Q80 Anne Main: What lessons have been learnt for the Fire and Rescue Service from the attacks on London on 7 and 21 July and also the Buncefield disaster? How has the Government responded and how has the Fire Service responded?

  Mr Evans: The Fire Service responded extremely well to both of those incidents you mentioned. In terms of London there has been a lessons learnt process on all of the issues from command and control, from multi-agency working, from sustainability of resources. In Buncefield we have done a lot of work on the mobilising of other Fire and Rescue Services from throughout the country, liaison with local authorities, regional working in response to major crises, effects of that crisis on the oil supply industry and aviation fuel to Heathrow, and there will be a full lessons learnt document on that within a few months.

Q81 Anne Main: What tests have been made of the equipment procured under the New Dimension programme? Have staff had sufficient training in using this equipment?

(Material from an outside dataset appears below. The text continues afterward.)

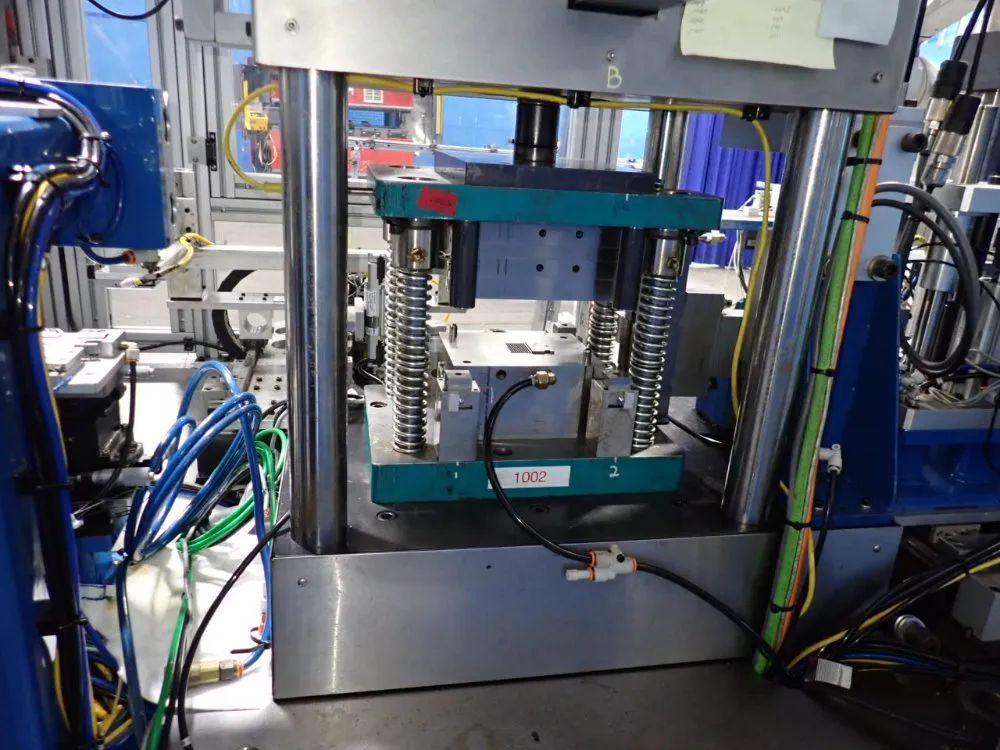 Denso Wave Incorporated Robotic Workcell - Vs-6556e/gm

Does that training extend to retained firefighters?

  Mr Evans: There is an enormous programme of training and testing of the equipment to test its robustness, and that is carried out in partnership with the Fire and Rescue Service, they have come and looked at all of the equipment in prototype before we bring it in. We have a full programme of training funded by the Department so that Fire and Rescue Services do not have any extra costs incurred. The Retained Fire Service is involved in this process.

Q82 Anne Main: Many of the current reforms have been framed against the backdrop of 9/11 and 7/7. What evidence does the Government have for believing that these reforms are equally appropriate say, for example, in rural areas as they are in metropolitan areas which might be perceived as having a greater risk of a terrorist attack but rural areas have their own particular needs?

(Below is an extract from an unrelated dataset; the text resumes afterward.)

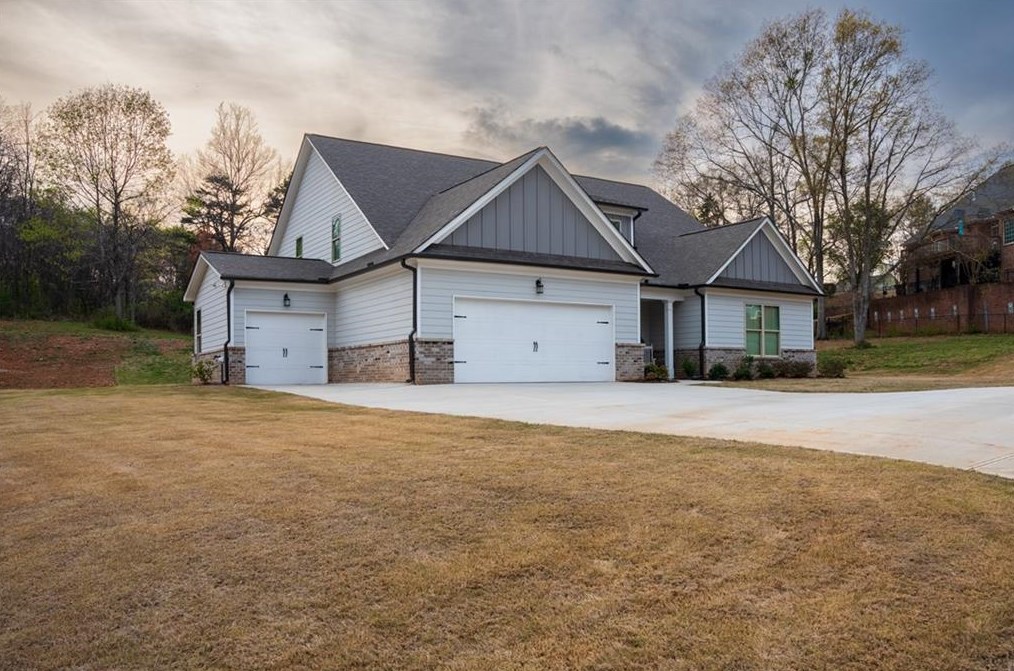 193 Belaire Ct, Winder, GA 30680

  Mr Evans: I think that is quite a good point. Rural areas have just as much threat, if not possibly more, from natural disaster, floods and things like that. If you look at the experience of the last 18 months, we had the Boscastle floods in the summer of 2004, the Carlisle floods in 2005, we had 7/7 in the summer and we had Buncefield. Three of those were outside of Central London and one was in Central London. I think the response has been equally good from the Fire and Rescue Service and other agencies working together in all of those. I would say that we have a flexible and appropriate response mechanism and that New Dimension equipment, for example the high volume pumps, has been used at Carlisle and Buncefield and if they had not been there we would not have had the capability to deal with those two disasters.

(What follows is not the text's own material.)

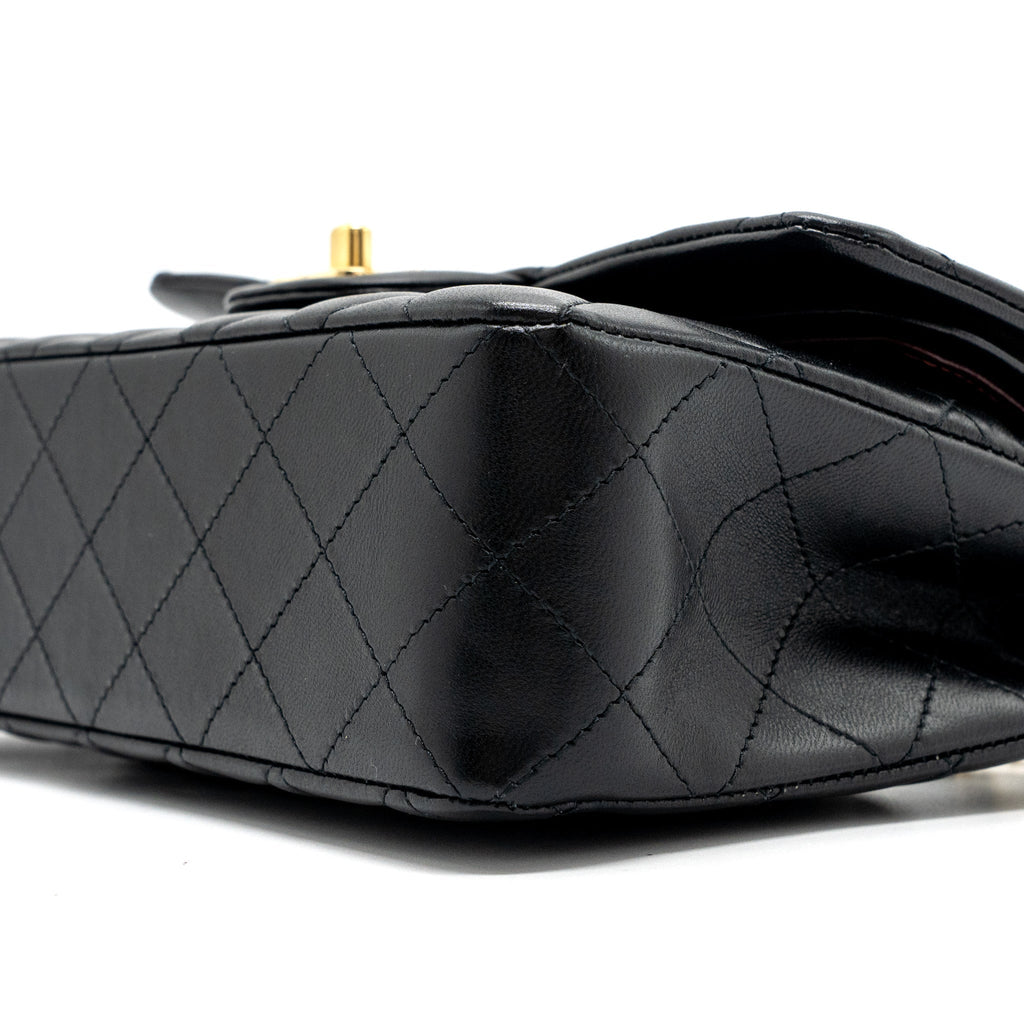 chanel-small-classic-double-flap-lambskin-black-ghw-microchip-copy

Q83 Mr Olner: Is it not frightening that the larger you grow, you only have one form of resilience? The fact is if you have got many Fire Authorities and they all build in some resilience that means you are able to tap on a national basis the spare of all those little bits but if you have just got a few big bits there is not going to be enough resilience to go round, is there?

  Mr Evans: I think there is a balance between how much you want to have capacity in every Fire and Rescue Authority and how much you develop this on a risk basis. As I said right at the beginning, one of the things on New Dimension, which is accepted across the piece from fire officers to local authorities to FBU, is the need to plan for New Dimension type incidents on a regional basis. In the crises that we have had, like Carlisle, like Buncefield, we have needed to bring in resources from across the country but we have always had enough resources.

Q84 Mr Olner: Will you in the future when you have not got so many Fire Authorities? Will you have enough resilience in the future?

  Mr Evans: We believe we will have.

Q85 Mr Olner: It is only a belief?

  Mr Evans: I cannot give you a cast iron guarantee, we do not know what crises we are going to have. The interesting thing about Buncefield was the risk assessment had been for a fire with one tanker blaze but in actual fact we had 20 and Hertfordshire and other Fire Services put that out and we had enough foam from across the whole country. I do not know whether Sir Graham wants to say anything more on preparing for disasters we have not yet thought about.

  Sir Graham Meldrum: I think the proof of those major disasters so far has been the value of providing the equipment for the New Dimension of terrorism project regionally provided throughout the whole of the Fire and Rescue Service. What we have done is supplemented the capability for dealing with incidents. Before 9/11, and questioned by the minister after 9/11, we had to admit for that huge scale of incident we did not have the equipment that would have met that demand for high volume pumping, for instance. Now it has been provided it was possible to deploy it at Buncefield and extinguish the fire. Previously in a number of areas we had to address the situation on a new scale, such as mass decontamination of the public. I think we have gone from having a very limited capability prior to 9/11, because that was how it was perceived as a risk, to now possibly the best in the world in terms of our capability for dealing with such an incident.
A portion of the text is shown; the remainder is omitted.